Under the FTC security breach notification rule, a PHR is defined as an electronic record of individually identifiable health information on an individual that is managed, shared or controlled by or primarily for the individual. PHR related entities are those that offer products or services through a PHR vendor's website, offer products or services through the websites of HIPAA-covered entities that offer PHR's of individuals, or access information in a PHR or send information to a PHR. This expansive definition includes everything from Google Health to personal fitness management sites and any other Web-based application or business with a Web presence that accesses, or exports information to PHR's or even advertises on the sites of entities offering PHR's.
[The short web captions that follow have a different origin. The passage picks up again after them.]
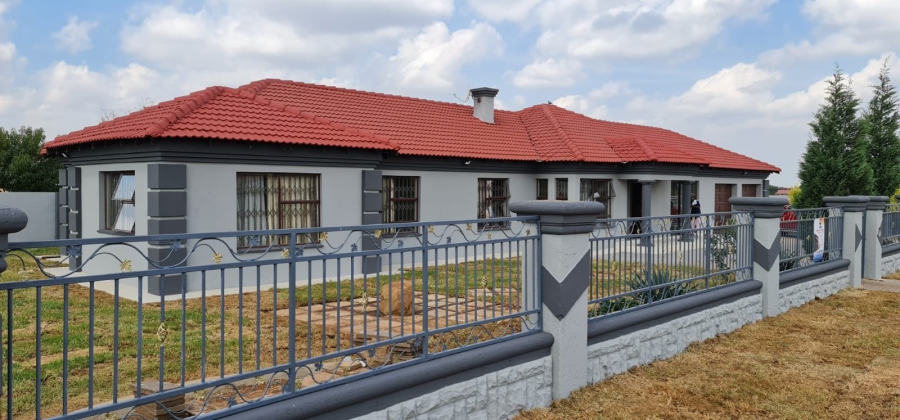 3 Bedroom Property for Sale in Noldick Gauteng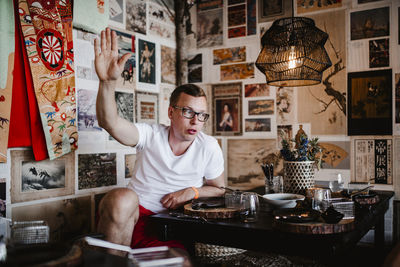 Man sitting in restaurant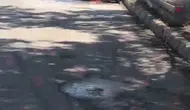 Muş sokaklarında seyir halindeki motosiklet aniden yanmaya başladı
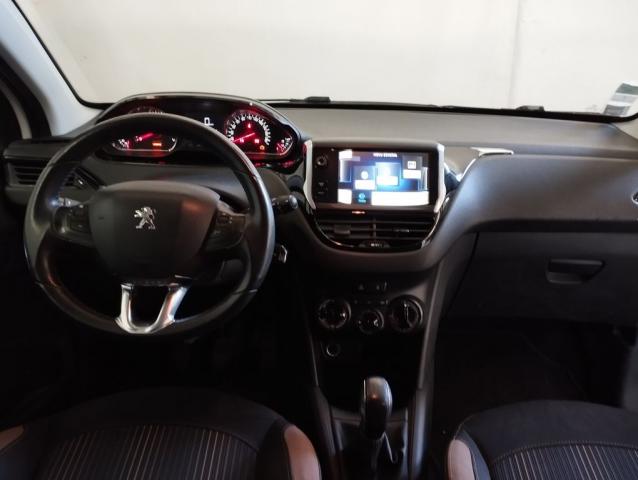 Peugeot 208 image 2
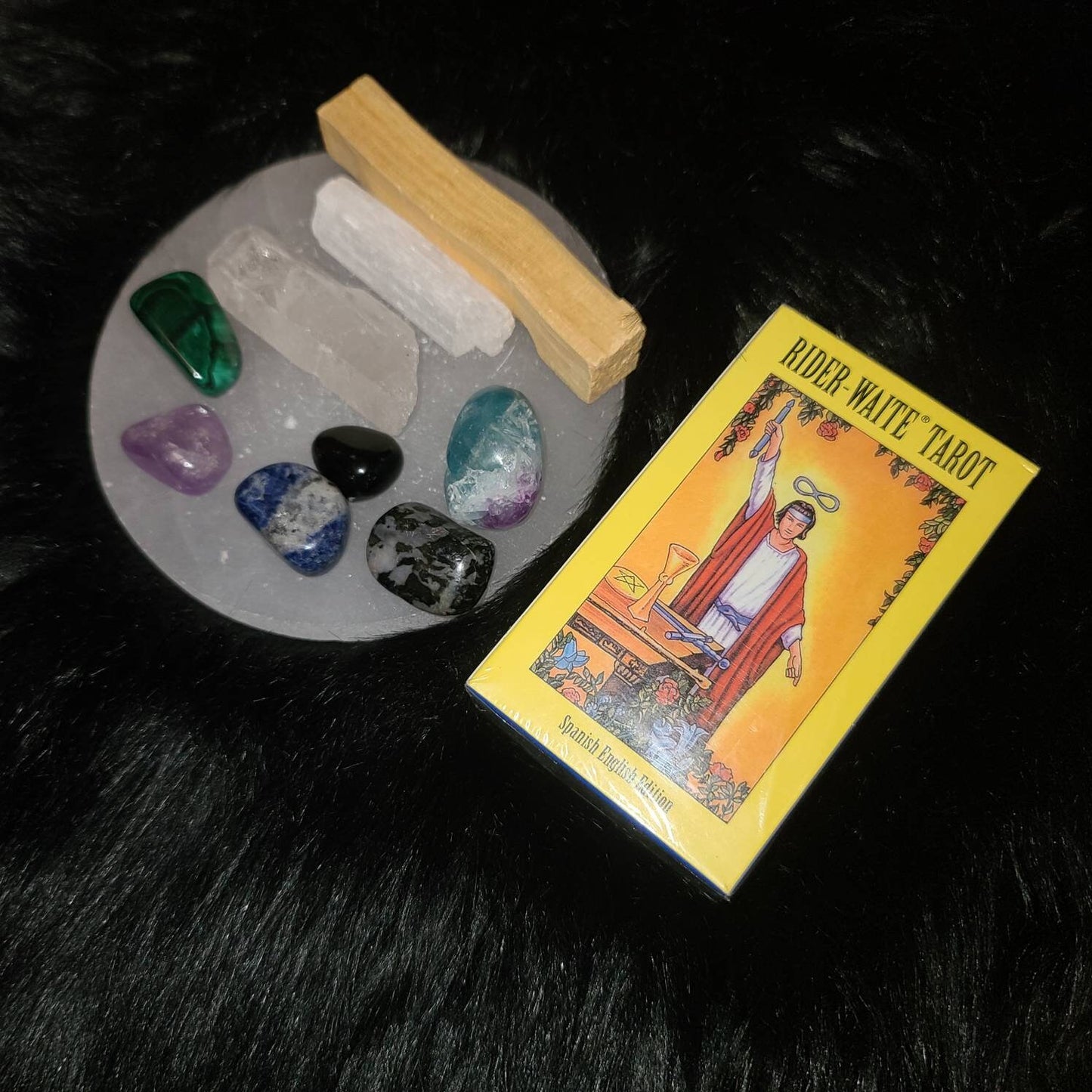 Divination Tarot Set - Rider Waite Deck, Crystals kit, beginner tarot, third eye, amethyst, quartz, malachite, healing, higher self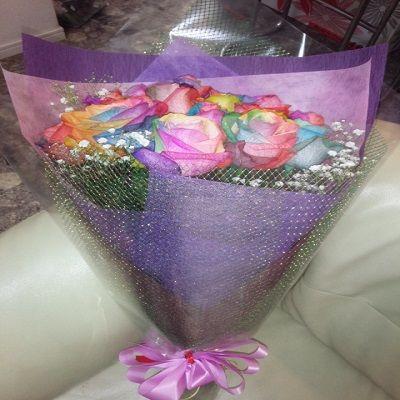 10本のレインボーローズとカスミソウの花束を特別な日のサプライズの贈り物に！（*^_^*） |  | 04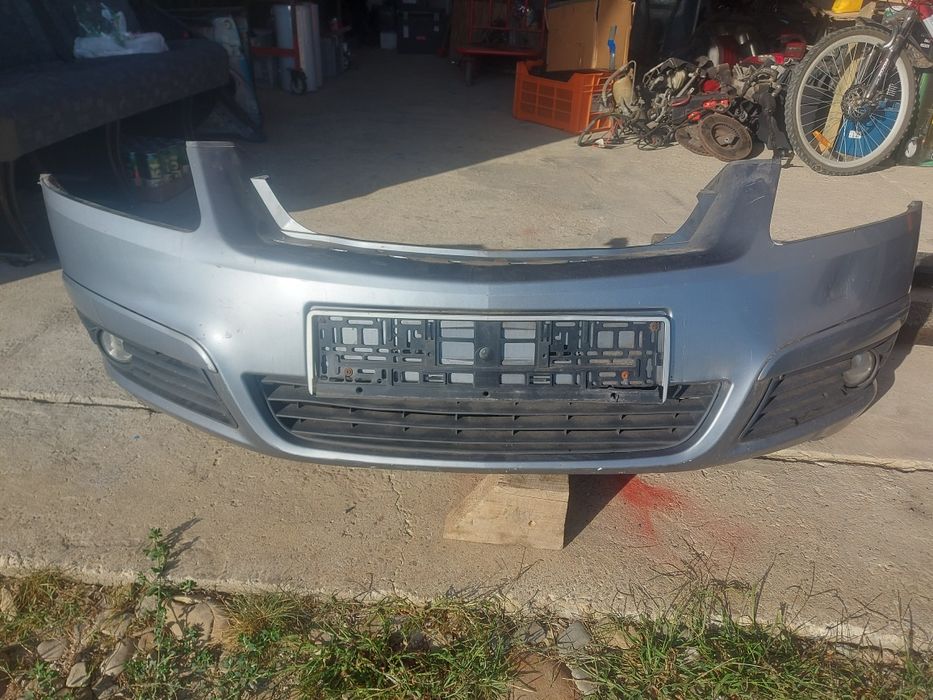 Бампер Опель Зафіра Б opel zafira b рестайл, дорестайл.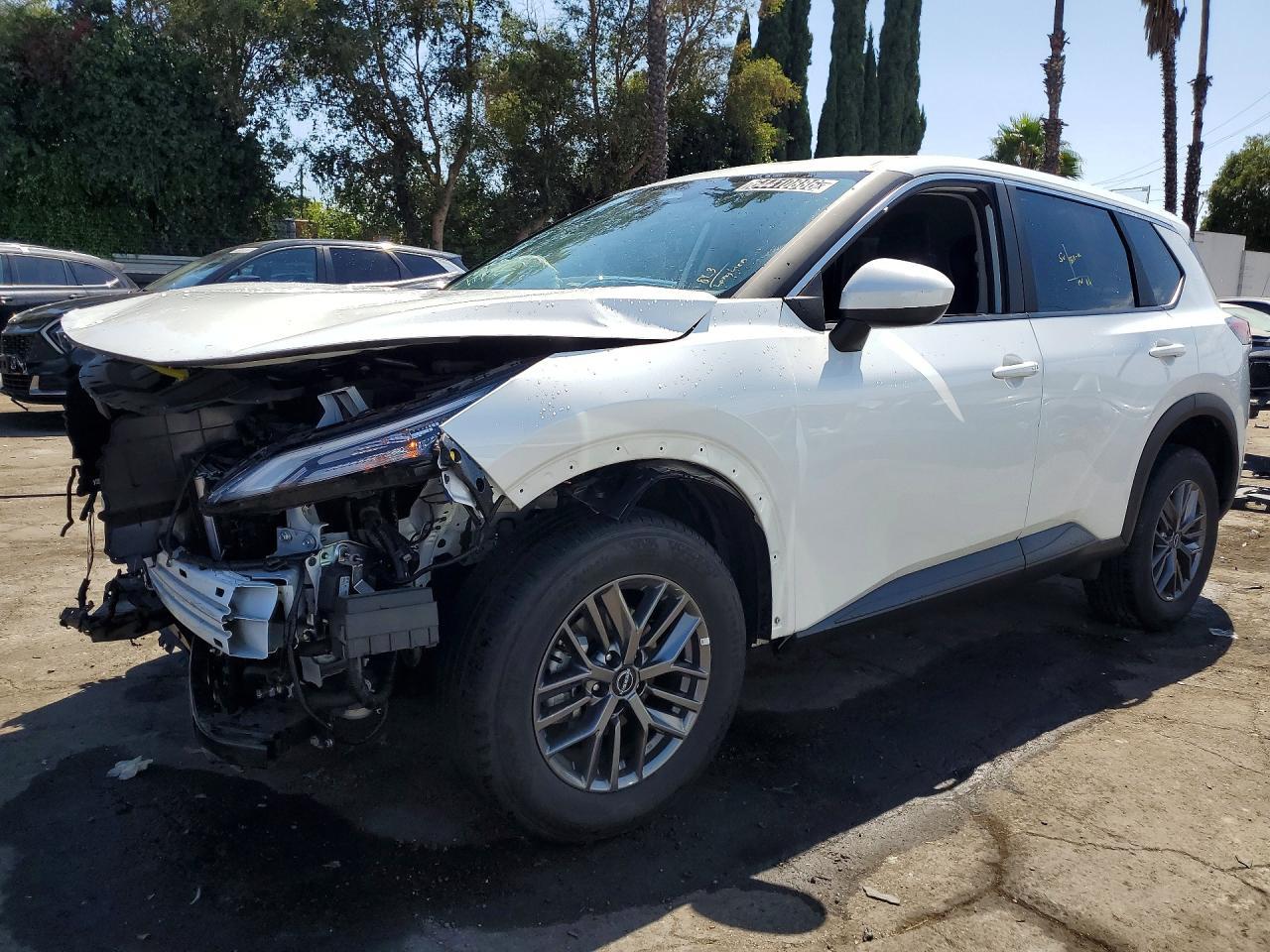2026 Nissan Rogue, SV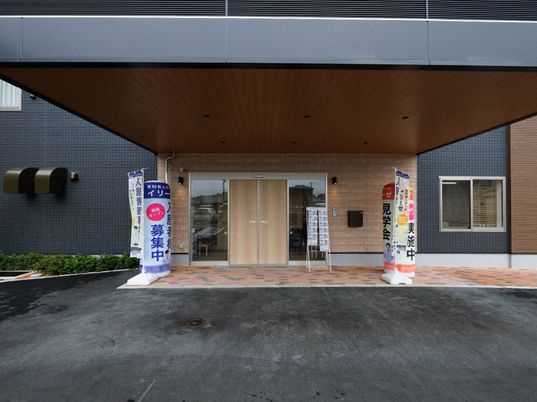 施設エントランス外観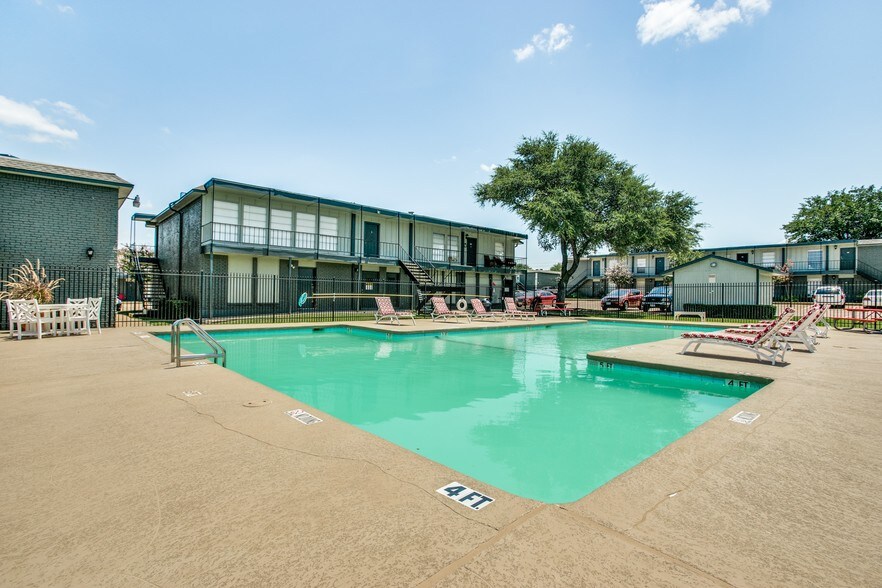 More Photos Of 504 Dudley Cir, Arlington Apartments For Sale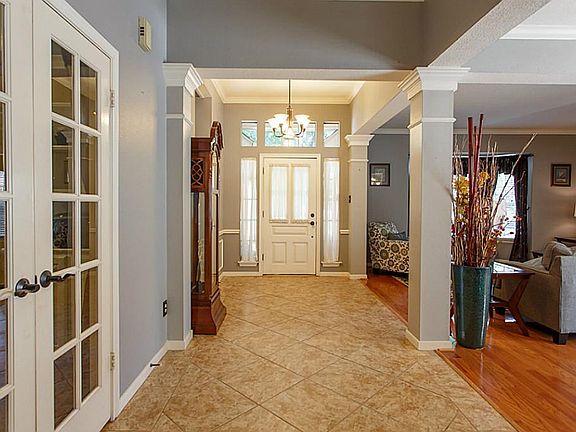 4th image of 3115 Greenwood Glen Dr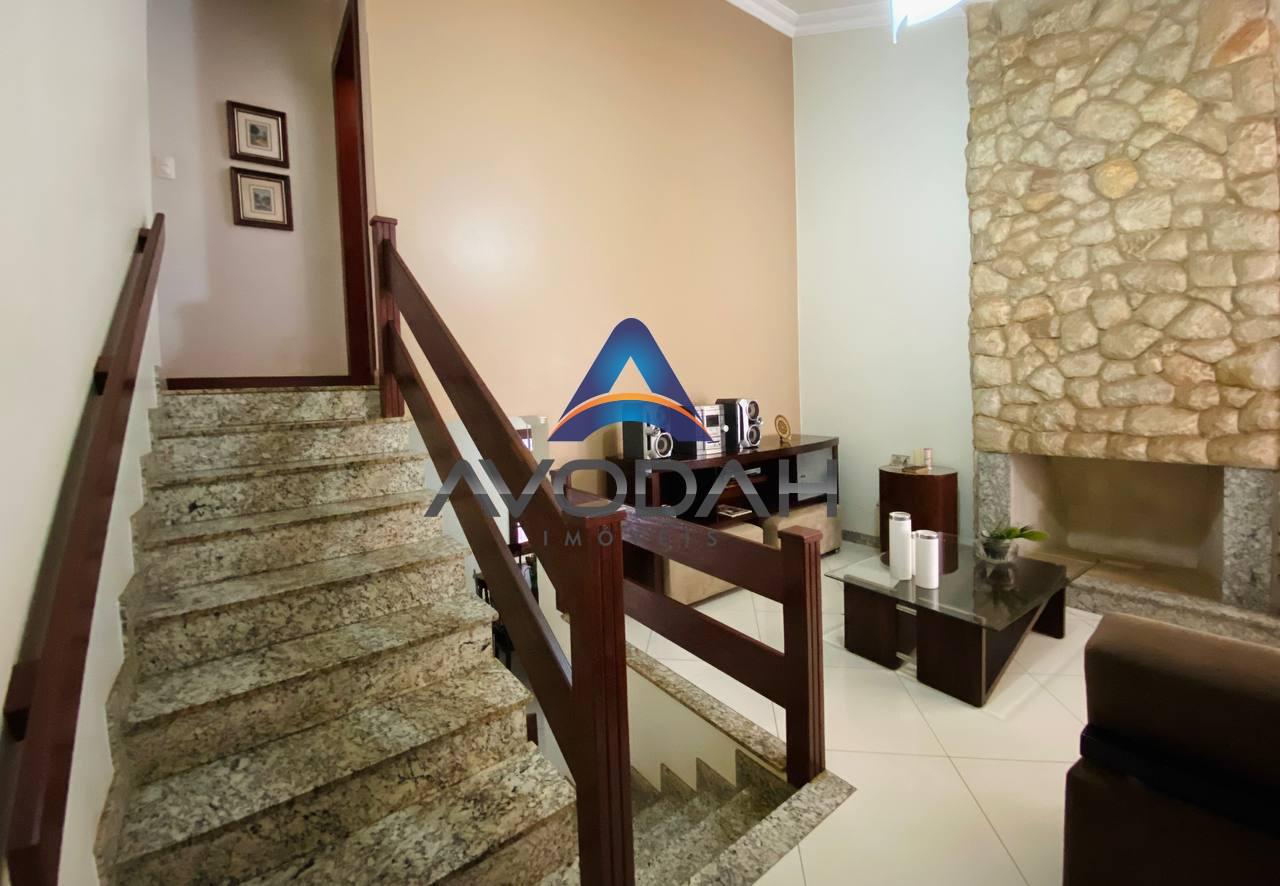 Casa à venda com 5 quartos, 360m² - Foto 4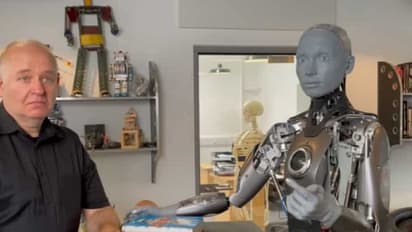 ഇതിനൊക്കെ ഇങ്ങനെ പേടിക്കാമോ ? മനുഷ്യരോട് ഹ്യൂമനോയിഡായ അമേക പറയുന്നത് ഇങ്ങനെ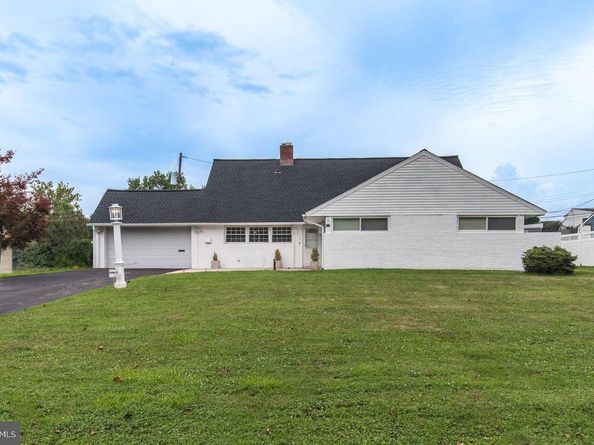 455 Snowball Drive, Levittown PA 19056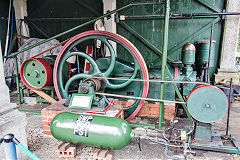 Gas engine from the Plaza Cinema, Bolsover, c 1930 at Papplewick, July 2019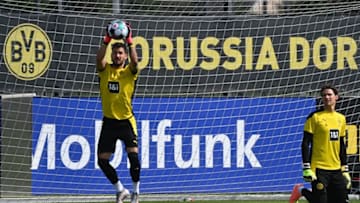 Borussia Dortmunds goalkeepers Roman Burki and Marwin Hitz (R) attend a training session of the German first division Bundesliga team Borussia Dortmund at the team training grounds in Dortmund, western Germany, on August 3, 2020. (Photo by INA FASSBENDER / AFP) (Photo by INA FASSBENDER/AFP via Getty Images)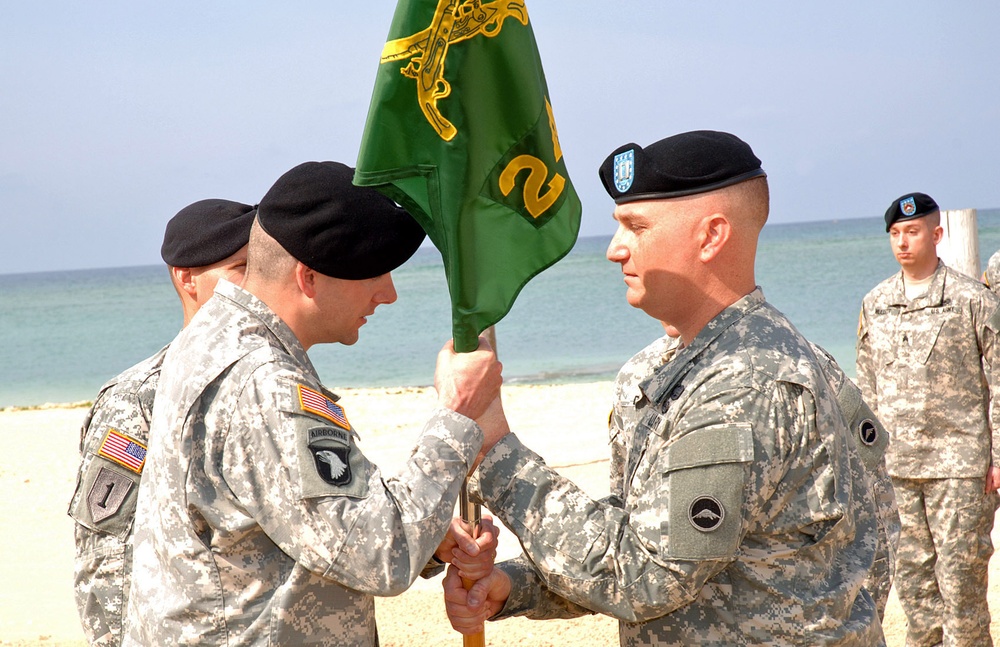 USARPAC MP BN Japan Lt. Col. James Sides visits 247th MP DET COC at Torii Beach May 16, 2014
The requirements applicable to service providers of PHR vendors and PHR related entities widen the compliance net still further. Indeed, the FTC rule applies to entities like non-profit organizations that previously did not fall within the FTC's jurisdiction.
Data security breach definitions
Under the HHS rule, subject to certain exceptions, a breach is defined as the unauthorized acquisition, access, use or disclosure of protected health information (PHI) in a manner that violates the HIPAA Privacy Rule. The FTC rule defines a security breach as the unauthorized acquisition of an individual's unsecured PHR-identifiable health information. The HIPAA breach notification rule from HHS, however, provides that an unauthorized use or disclosure of PHI is a breach only if it "poses a significant risk of financial, reputational, or other harm to the individual." This triggers the need for a risk assessment considering certain factors prescribed by the HHS (among others), including: the type, amount and sensitivity of PHI involved, the identity of the unauthorized user or recipient of the PHI, immediate mitigating steps taken by the covered entity, and whether improper access of improperly disclosed PHI took place.
On the other hand, the FTC rule presumes that unauthorized acquisition of PHR information will result from improper access, unless the covered entity rebuts this presumption with "reliable evidence showing that there has not been, or could not reasonably have been, unauthorized acquisition of such information." Despite this opportunity for rebuttal, covered entities should consider the threshold for notification under the FTC rule lower, and the need for notification more automatic, than under the HHS rule.
The security breach notification requirements in the both the HHS and FTC rules apply only to breaches involving unsecured data. Unsecured data is data that has not been protected through the use of a technology or methodology specified by HHS to render the information "unusable, unreadable, or indecipherable to unauthorized individuals." Accordingly, the HHS interim final regulation document includes updated guidance on what encryption technologies and other methodologies qualify for this safe harbor from the notification requirements.
Security breach notification deadlines
Generally, under both the HHS and FTC rules, notification of affected individuals must take place without reasonable delay (but no later than 60 days) following discovery of a breach of unsecured health information. Notifications to individuals under both rules must be in plain language (i.e., not legalese) and must include a brief description of the breach event, the specific health information involved and protective measures the affected individuals should take. If a breach involves 500 or more individuals, HHS and the FTC, as applicable in each situation, must also be notified (within 10 business days of discovery, in the case of the FTC, and contemporaneously with the notice to individuals, for the HHS). If the breach involves fewer than 500 people, notifications to the regulatory agencies are to be made on an annual basis. Notifications to the FTC must be made using a form and pursuant to instructions on the FTC website.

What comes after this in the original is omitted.